D’altra parte le divisioni nella maggioranza aiutano a compattare. La premier è alle prese con un compito molto più difficile, inventarsi una formula che eviti la spaccatura plateale del centrodestra e nel suo caso il guaio di una spaccatura sarebbe molto più grave che a sinistra: aprirebbe una crepa tale da minare la stabilità stessa del governo. Ma conciliare posizioni opposte come quella della Lega ancor più contraria di Conte al riarmo e degli altri due partiti della maggioranza invece favorevole non si sta dimostrando un compito facile. Il Pd non farà alla destra il favore di dividersi. Ma il problema resta e dopo la disfatta di Strasburgo ora la segretaria è passata al contrattacco.

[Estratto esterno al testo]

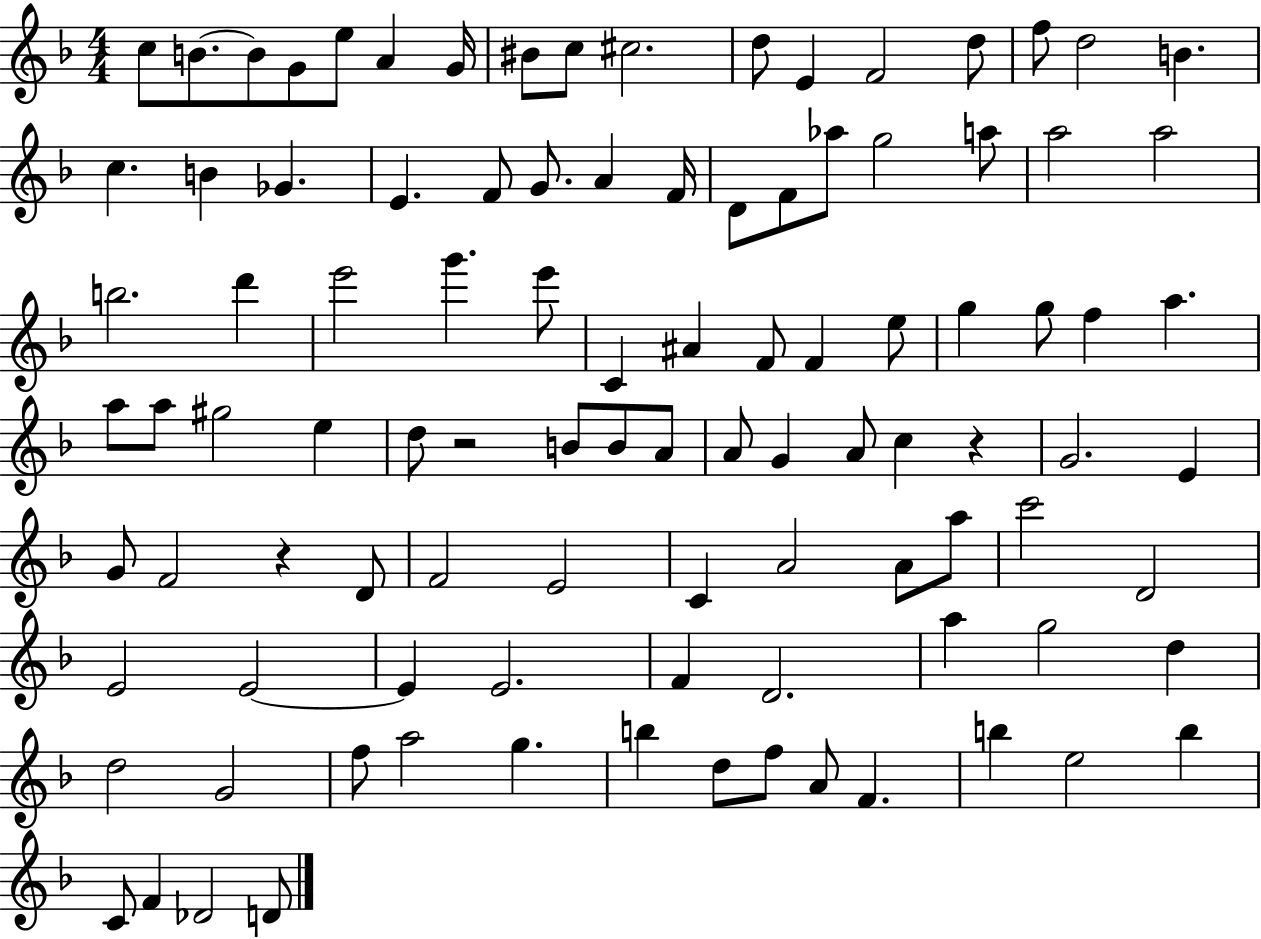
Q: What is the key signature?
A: F major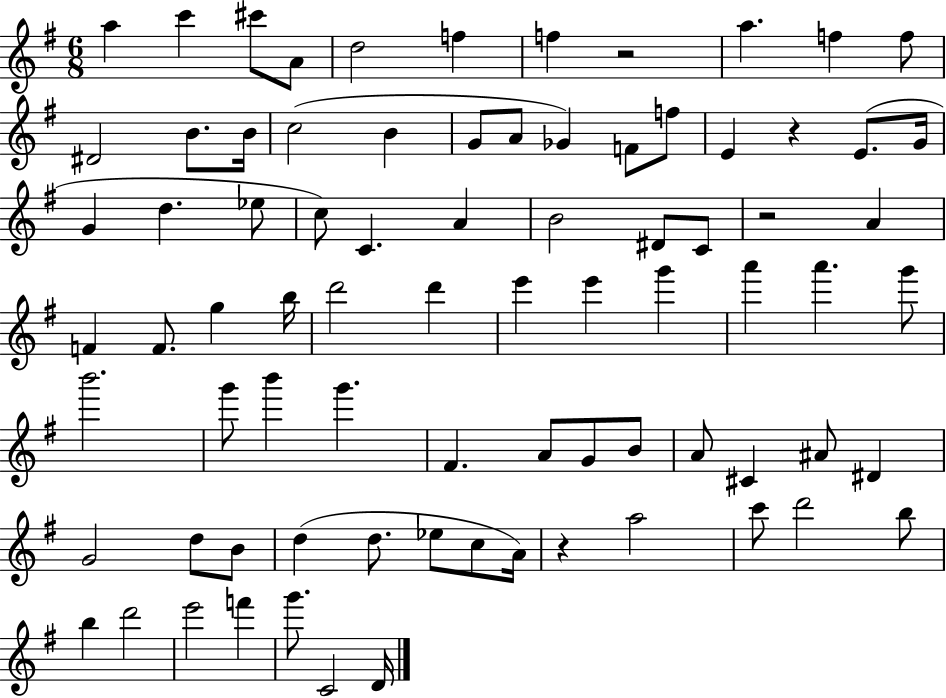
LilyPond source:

{
  \clef treble
  \numericTimeSignature
  \time 6/8
  \key g \major
  a''4 c'''4 cis'''8 a'8 | d''2 f''4 | f''4 r2 | a''4. f''4 f''8 | \break dis'2 b'8. b'16 | c''2( b'4 | g'8 a'8 ges'4) f'8 f''8 | e'4 r4 e'8.( g'16 | \break g'4 d''4. ees''8 | c''8) c'4. a'4 | b'2 dis'8 c'8 | r2 a'4 | \break f'4 f'8. g''4 b''16 | d'''2 d'''4 | e'''4 e'''4 g'''4 | a'''4 a'''4. g'''8 | \break b'''2. | g'''8 b'''4 g'''4. | fis'4. a'8 g'8 b'8 | a'8 cis'4 ais'8 dis'4 | \break g'2 d''8 b'8 | d''4( d''8. ees''8 c''8 a'16) | r4 a''2 | c'''8 d'''2 b''8 | \break b''4 d'''2 | e'''2 f'''4 | g'''8. c'2 d'16 | \bar "|."
}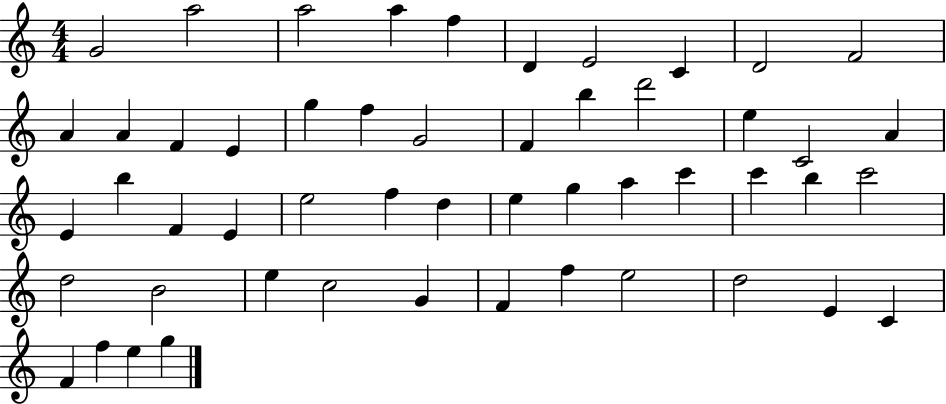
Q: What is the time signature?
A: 4/4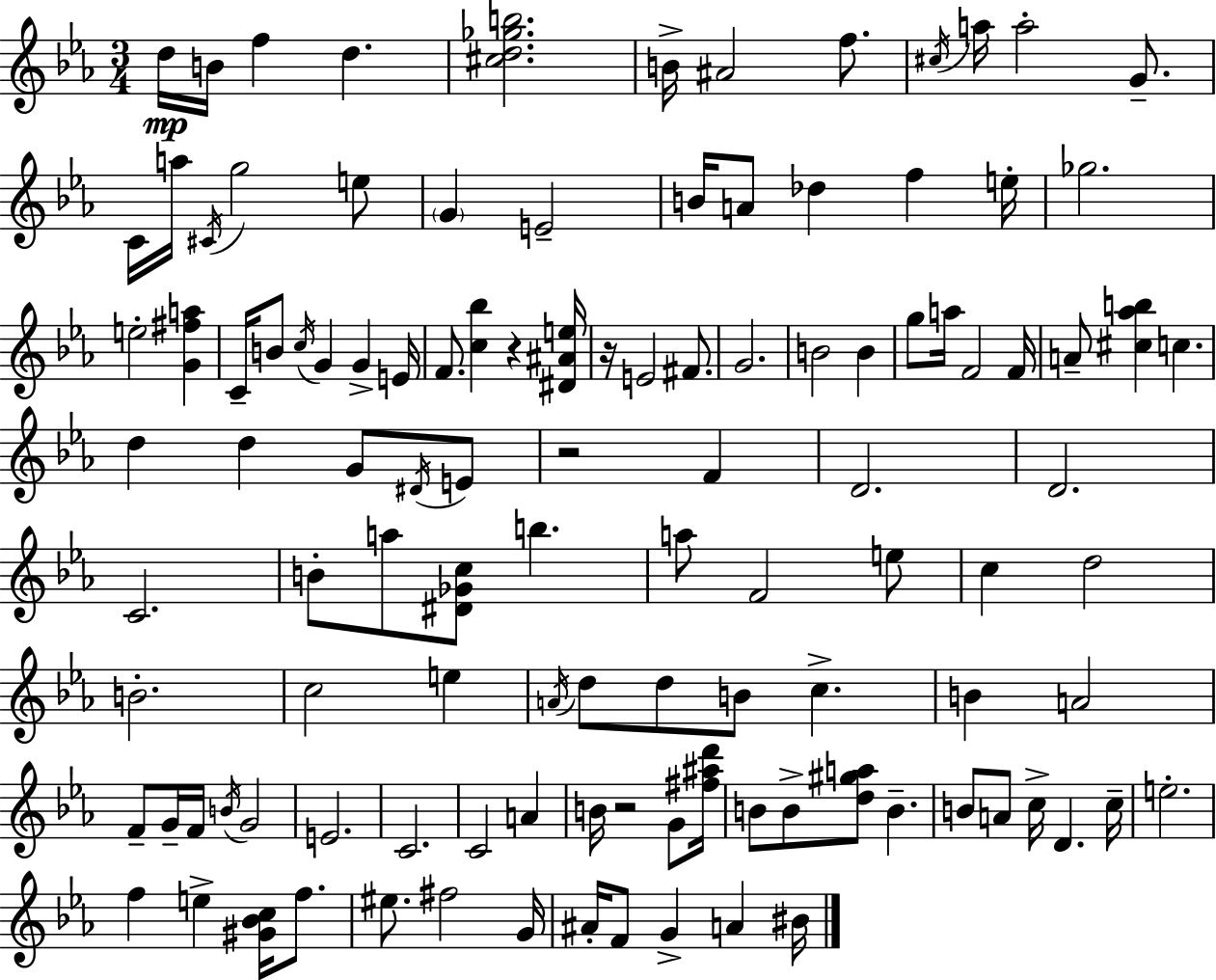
X:1
T:Untitled
M:3/4
L:1/4
K:Cm
d/4 B/4 f d [^cd_gb]2 B/4 ^A2 f/2 ^c/4 a/4 a2 G/2 C/4 a/4 ^C/4 g2 e/2 G E2 B/4 A/2 _d f e/4 _g2 e2 [G^fa] C/4 B/2 c/4 G G E/4 F/2 [c_b] z [^D^Ae]/4 z/4 E2 ^F/2 G2 B2 B g/2 a/4 F2 F/4 A/2 [^c_ab] c d d G/2 ^D/4 E/2 z2 F D2 D2 C2 B/2 a/2 [^D_Gc]/2 b a/2 F2 e/2 c d2 B2 c2 e A/4 d/2 d/2 B/2 c B A2 F/2 G/4 F/4 B/4 G2 E2 C2 C2 A B/4 z2 G/2 [^f^ad']/4 B/2 B/2 [d^ga]/2 B B/2 A/2 c/4 D c/4 e2 f e [^G_Bc]/4 f/2 ^e/2 ^f2 G/4 ^A/4 F/2 G A ^B/4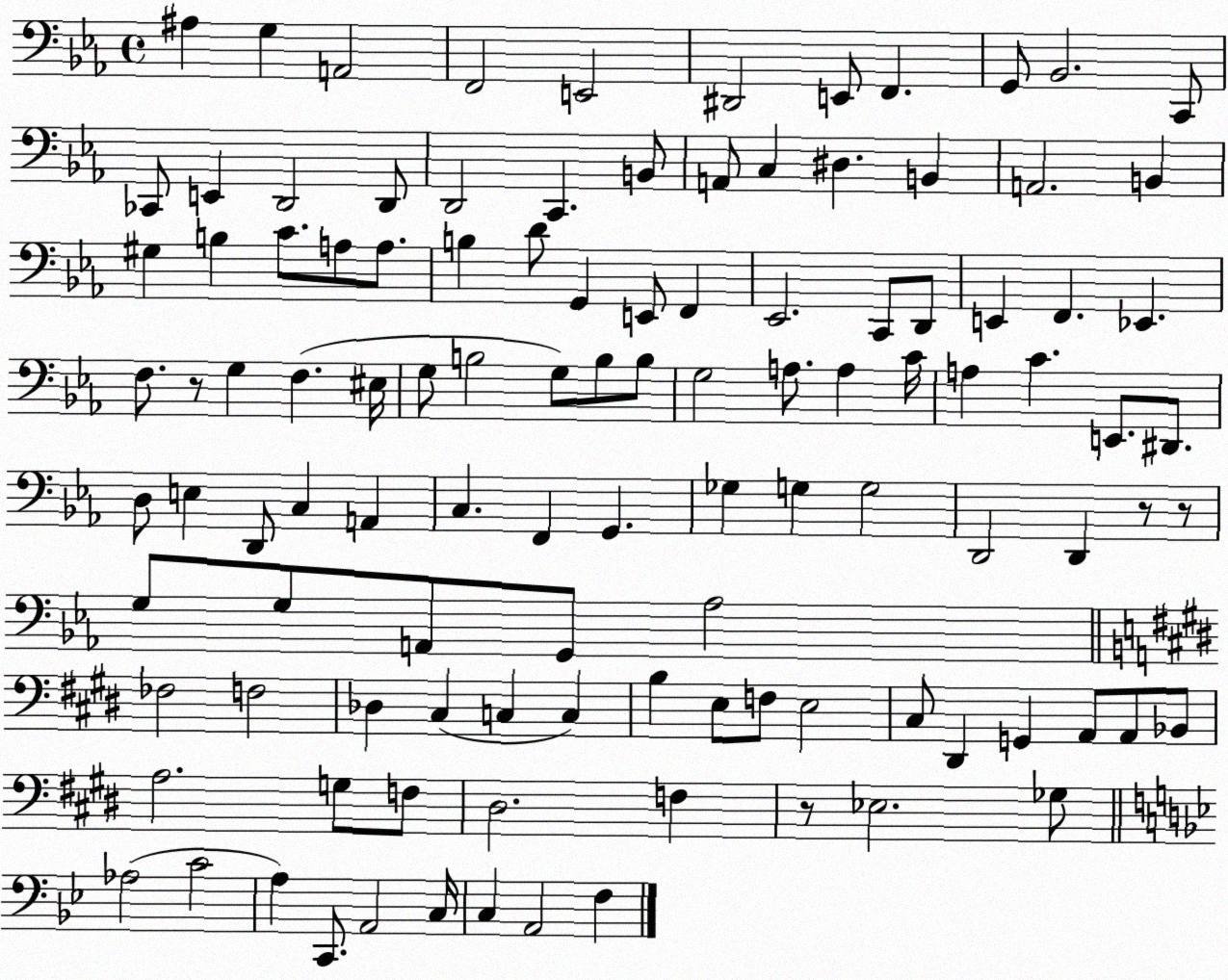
X:1
T:Untitled
M:4/4
L:1/4
K:Eb
^A, G, A,,2 F,,2 E,,2 ^D,,2 E,,/2 F,, G,,/2 _B,,2 C,,/2 _C,,/2 E,, D,,2 D,,/2 D,,2 C,, B,,/2 A,,/2 C, ^D, B,, A,,2 B,, ^G, B, C/2 A,/2 A,/2 B, D/2 G,, E,,/2 F,, _E,,2 C,,/2 D,,/2 E,, F,, _E,, F,/2 z/2 G, F, ^E,/4 G,/2 B,2 G,/2 B,/2 B,/2 G,2 A,/2 A, C/4 A, C E,,/2 ^D,,/2 D,/2 E, D,,/2 C, A,, C, F,, G,, _G, G, G,2 D,,2 D,, z/2 z/2 G,/2 G,/2 A,,/2 G,,/2 _A,2 _F,2 F,2 _D, ^C, C, C, B, E,/2 F,/2 E,2 ^C,/2 ^D,, G,, A,,/2 A,,/2 _B,,/2 A,2 G,/2 F,/2 ^D,2 F, z/2 _E,2 _G,/2 _A,2 C2 A, C,,/2 A,,2 C,/4 C, A,,2 F,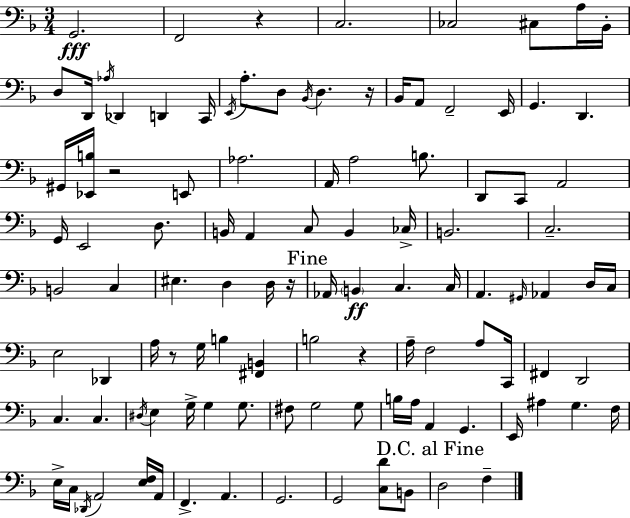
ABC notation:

X:1
T:Untitled
M:3/4
L:1/4
K:F
G,,2 F,,2 z C,2 _C,2 ^C,/2 A,/4 _B,,/4 D,/2 D,,/4 _A,/4 _D,, D,, C,,/4 E,,/4 A,/2 D,/2 _B,,/4 D, z/4 _B,,/4 A,,/2 F,,2 E,,/4 G,, D,, ^G,,/4 [_E,,B,]/4 z2 E,,/2 _A,2 A,,/4 A,2 B,/2 D,,/2 C,,/2 A,,2 G,,/4 E,,2 D,/2 B,,/4 A,, C,/2 B,, _C,/4 B,,2 C,2 B,,2 C, ^E, D, D,/4 z/4 _A,,/4 B,, C, C,/4 A,, ^G,,/4 _A,, D,/4 C,/4 E,2 _D,, A,/4 z/2 G,/4 B, [^F,,B,,] B,2 z A,/4 F,2 A,/2 C,,/4 ^F,, D,,2 C, C, ^D,/4 E, G,/4 G, G,/2 ^F,/2 G,2 G,/2 B,/4 A,/4 A,, G,, E,,/4 ^A, G, F,/4 E,/4 C,/4 _D,,/4 A,,2 [E,F,]/4 A,,/4 F,, A,, G,,2 G,,2 [C,D]/2 B,,/2 D,2 F,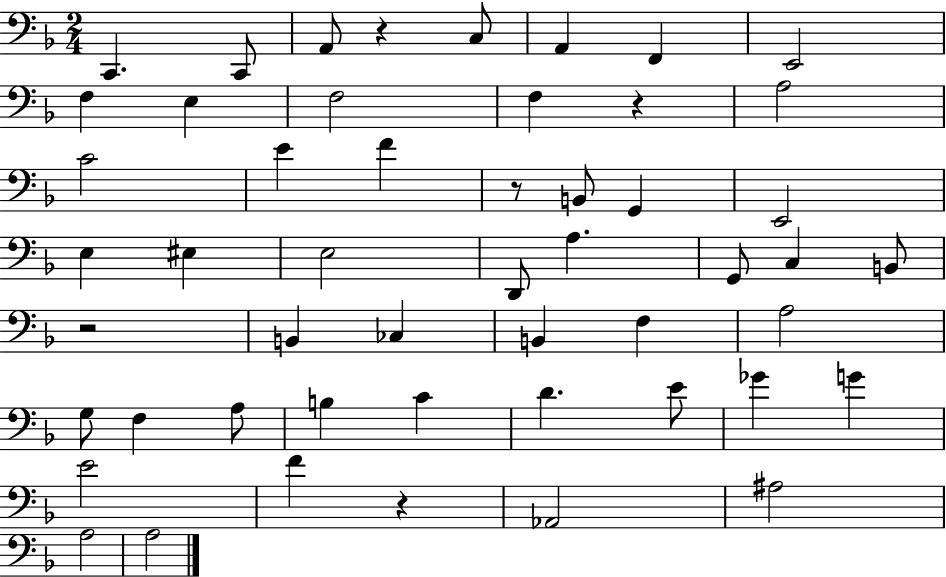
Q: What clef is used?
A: bass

Fa sapere che un chiarimento è necessario ed è lei a brandire la minaccia di un congresso dal quale uscirebbe certamente vincente di molte lunghezze. Anche per questo la minoranza non spalleggia affatto la proposta di Zanda e anzi vuole evitare a tutti i costi uno showdown come il congresso ma anche come una conferenza tematica. La segretaria ha le armi e l’occasione per battere in breccia e imporre un chiarimento radicale sul dna stesso del Pd. Il suo giro stretto la incita a farlo. Se deciderà di andare fino in fondo o priviligerà l’unità del partito, fosse pure solo di facciata, lo scopriremo presto.